- [Work order]: Up to and including the line that contains "Ravenscar Avenue, Oakwood, LS8, photo 3", reproduce every line exactly, beginning with the first line below.

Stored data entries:

______

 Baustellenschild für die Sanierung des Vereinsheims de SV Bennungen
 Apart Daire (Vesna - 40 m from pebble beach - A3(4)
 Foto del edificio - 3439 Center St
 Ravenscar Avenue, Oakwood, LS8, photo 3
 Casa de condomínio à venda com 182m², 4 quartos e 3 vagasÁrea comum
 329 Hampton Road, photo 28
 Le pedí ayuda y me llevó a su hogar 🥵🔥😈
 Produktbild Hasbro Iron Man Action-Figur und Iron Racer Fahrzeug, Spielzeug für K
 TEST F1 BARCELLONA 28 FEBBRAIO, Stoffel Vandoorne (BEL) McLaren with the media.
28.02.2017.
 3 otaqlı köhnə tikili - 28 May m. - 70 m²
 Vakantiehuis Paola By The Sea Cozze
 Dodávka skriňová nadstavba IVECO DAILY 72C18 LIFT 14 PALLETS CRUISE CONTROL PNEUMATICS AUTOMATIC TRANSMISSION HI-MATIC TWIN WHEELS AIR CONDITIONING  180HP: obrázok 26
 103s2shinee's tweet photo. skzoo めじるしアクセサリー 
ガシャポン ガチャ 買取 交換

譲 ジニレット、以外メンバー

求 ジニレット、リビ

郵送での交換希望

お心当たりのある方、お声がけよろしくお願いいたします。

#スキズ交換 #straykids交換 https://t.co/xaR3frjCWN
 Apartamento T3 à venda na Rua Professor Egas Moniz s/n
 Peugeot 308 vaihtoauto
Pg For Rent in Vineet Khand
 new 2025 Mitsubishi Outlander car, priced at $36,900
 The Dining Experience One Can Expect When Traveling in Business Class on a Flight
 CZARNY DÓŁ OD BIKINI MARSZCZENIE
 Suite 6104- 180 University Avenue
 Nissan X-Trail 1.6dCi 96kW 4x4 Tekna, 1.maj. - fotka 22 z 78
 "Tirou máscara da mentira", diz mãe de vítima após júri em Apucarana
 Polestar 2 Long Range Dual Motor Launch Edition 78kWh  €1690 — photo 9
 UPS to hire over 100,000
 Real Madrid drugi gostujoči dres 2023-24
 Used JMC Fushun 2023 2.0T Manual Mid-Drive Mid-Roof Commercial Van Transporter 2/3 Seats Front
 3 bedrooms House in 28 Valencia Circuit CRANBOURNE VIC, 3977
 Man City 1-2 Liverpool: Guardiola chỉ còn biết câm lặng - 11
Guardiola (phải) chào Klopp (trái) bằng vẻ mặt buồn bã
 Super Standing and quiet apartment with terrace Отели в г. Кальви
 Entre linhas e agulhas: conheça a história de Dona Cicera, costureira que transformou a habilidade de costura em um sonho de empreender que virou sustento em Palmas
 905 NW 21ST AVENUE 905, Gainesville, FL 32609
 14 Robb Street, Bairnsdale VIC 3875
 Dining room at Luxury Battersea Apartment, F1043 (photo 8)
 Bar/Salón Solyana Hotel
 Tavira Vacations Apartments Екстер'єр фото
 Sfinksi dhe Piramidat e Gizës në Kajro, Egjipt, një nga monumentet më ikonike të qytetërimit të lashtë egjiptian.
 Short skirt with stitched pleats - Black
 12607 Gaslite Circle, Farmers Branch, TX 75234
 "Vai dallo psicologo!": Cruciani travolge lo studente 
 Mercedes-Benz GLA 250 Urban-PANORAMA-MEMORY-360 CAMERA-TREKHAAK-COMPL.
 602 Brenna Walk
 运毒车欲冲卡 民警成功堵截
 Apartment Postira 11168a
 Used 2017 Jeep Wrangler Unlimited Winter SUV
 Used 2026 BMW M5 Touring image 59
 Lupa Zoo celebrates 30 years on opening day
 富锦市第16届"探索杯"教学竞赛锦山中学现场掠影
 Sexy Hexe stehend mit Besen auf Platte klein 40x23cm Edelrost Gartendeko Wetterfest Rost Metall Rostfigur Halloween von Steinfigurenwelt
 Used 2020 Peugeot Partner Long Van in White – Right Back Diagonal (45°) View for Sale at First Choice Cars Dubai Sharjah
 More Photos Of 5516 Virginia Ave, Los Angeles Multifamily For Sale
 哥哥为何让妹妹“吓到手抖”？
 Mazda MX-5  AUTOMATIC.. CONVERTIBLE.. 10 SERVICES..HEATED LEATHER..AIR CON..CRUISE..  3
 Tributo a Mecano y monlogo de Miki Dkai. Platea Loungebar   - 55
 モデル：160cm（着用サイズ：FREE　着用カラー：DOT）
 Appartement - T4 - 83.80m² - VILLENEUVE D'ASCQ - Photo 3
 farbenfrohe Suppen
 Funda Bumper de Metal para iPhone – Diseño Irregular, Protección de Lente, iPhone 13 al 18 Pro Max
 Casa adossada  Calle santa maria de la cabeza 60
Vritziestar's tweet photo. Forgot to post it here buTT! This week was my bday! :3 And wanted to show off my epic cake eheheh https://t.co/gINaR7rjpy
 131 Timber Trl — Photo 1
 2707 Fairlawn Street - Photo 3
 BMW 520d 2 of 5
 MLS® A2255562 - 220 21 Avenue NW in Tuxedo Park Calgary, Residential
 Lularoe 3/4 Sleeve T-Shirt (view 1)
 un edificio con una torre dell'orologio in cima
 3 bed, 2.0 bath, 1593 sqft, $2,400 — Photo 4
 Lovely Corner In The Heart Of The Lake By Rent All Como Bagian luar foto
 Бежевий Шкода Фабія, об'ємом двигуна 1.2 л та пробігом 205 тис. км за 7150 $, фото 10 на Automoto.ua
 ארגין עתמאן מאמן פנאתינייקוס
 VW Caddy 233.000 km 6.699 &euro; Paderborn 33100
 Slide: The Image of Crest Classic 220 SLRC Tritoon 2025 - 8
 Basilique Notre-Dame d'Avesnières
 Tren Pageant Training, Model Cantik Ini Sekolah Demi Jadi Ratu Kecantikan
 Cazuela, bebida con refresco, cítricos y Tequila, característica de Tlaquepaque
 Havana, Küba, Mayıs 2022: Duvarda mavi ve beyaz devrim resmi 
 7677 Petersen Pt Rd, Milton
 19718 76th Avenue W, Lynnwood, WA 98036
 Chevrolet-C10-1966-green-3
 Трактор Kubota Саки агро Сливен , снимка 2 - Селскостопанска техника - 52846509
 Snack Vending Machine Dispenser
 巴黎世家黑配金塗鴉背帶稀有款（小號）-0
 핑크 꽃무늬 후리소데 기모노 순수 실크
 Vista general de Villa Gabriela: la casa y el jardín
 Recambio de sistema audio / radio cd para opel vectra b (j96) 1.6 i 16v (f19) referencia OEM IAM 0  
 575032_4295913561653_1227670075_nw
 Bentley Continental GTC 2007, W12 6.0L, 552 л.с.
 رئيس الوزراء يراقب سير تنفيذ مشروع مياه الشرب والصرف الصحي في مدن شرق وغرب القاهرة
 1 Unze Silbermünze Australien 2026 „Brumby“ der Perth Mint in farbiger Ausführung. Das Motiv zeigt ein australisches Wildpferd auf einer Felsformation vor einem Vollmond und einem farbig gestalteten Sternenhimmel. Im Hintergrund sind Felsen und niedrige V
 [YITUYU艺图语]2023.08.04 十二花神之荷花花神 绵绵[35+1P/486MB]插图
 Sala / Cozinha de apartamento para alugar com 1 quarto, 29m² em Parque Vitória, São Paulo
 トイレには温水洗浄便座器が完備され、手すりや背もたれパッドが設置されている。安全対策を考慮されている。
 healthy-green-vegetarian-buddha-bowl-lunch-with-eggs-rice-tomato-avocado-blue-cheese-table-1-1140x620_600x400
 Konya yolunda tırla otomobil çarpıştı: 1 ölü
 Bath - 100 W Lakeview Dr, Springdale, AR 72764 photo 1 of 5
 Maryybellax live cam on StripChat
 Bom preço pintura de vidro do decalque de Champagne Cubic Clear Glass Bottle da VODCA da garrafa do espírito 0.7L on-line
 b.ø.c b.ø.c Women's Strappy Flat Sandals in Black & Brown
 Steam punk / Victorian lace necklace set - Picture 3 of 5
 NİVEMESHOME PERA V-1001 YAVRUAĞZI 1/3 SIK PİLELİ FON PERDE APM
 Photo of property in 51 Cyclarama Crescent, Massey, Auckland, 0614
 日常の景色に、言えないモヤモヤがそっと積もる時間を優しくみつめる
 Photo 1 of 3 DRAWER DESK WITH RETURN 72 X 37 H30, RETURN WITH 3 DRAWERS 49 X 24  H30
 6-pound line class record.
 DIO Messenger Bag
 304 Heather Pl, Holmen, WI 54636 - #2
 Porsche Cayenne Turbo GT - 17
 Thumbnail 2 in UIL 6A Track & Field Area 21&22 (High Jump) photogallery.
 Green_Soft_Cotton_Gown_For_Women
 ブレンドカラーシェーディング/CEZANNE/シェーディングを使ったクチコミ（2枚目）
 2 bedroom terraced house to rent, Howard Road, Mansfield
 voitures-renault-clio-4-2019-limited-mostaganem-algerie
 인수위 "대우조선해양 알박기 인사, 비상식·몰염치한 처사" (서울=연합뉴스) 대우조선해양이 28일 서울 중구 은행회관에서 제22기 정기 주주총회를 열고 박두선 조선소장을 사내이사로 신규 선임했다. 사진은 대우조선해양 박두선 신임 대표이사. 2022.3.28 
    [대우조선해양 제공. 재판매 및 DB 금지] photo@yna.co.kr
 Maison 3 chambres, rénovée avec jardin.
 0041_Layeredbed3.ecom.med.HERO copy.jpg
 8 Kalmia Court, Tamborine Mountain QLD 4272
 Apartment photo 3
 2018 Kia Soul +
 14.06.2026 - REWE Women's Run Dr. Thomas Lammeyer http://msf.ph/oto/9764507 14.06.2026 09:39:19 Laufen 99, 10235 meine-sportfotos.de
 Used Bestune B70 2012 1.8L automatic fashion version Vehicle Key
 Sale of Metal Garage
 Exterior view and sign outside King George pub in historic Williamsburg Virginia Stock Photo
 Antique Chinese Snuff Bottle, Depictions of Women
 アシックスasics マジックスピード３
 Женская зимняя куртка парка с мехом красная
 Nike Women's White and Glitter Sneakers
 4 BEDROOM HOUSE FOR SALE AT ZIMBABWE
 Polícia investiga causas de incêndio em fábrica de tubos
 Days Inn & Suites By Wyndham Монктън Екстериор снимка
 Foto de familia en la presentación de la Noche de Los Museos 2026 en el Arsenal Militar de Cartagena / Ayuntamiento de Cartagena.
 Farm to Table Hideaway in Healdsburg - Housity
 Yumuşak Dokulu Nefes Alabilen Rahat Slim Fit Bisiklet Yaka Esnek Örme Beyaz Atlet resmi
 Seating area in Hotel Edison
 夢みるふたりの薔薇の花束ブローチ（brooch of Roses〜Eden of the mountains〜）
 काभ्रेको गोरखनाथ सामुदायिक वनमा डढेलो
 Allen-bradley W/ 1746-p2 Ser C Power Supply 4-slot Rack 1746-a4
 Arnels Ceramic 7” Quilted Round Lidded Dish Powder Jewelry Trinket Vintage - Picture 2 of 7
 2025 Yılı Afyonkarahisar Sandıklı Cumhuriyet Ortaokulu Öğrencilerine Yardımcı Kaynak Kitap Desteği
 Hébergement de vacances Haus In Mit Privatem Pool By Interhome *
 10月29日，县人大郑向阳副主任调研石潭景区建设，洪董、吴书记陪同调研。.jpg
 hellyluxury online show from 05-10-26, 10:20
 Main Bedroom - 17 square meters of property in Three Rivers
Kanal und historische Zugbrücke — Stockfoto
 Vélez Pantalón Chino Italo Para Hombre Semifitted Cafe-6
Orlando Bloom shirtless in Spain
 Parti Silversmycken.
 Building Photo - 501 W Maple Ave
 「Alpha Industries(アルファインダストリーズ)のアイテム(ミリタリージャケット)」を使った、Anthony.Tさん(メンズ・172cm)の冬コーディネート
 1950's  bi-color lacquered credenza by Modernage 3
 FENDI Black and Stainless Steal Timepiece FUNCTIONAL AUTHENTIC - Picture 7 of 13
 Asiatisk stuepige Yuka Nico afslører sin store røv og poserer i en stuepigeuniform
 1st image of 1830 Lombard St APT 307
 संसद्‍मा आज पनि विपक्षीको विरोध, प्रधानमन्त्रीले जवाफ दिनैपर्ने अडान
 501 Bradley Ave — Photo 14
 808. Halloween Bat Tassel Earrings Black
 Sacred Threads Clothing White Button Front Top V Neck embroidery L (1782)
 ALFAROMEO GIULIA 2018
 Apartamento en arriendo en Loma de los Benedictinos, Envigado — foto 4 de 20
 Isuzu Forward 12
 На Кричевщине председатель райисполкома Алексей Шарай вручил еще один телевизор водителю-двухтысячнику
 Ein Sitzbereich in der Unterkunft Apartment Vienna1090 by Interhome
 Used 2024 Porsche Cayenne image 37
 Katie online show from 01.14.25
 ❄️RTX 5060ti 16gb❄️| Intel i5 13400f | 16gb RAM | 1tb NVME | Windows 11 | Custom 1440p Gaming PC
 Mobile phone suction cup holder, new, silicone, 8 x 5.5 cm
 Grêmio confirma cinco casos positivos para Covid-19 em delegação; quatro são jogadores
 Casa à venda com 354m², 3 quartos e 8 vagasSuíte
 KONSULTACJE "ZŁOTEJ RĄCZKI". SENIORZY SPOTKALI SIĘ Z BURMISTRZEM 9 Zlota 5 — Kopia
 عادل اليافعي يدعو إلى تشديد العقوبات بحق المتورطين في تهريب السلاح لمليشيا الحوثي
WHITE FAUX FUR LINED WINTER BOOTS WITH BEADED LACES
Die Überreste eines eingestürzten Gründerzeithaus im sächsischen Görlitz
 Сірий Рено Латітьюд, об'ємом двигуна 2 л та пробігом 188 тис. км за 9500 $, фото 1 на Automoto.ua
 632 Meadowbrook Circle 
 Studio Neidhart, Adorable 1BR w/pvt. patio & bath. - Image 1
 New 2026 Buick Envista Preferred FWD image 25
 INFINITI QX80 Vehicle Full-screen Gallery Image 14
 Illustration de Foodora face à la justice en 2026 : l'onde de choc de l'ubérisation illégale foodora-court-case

______

- [Answer below]:
 Baustellenschild für die Sanierung des Vereinsheims de SV Bennungen
 Apart Daire (Vesna - 40 m from pebble beach - A3(4)
 Foto del edificio - 3439 Center St
 Ravenscar Avenue, Oakwood, LS8, photo 3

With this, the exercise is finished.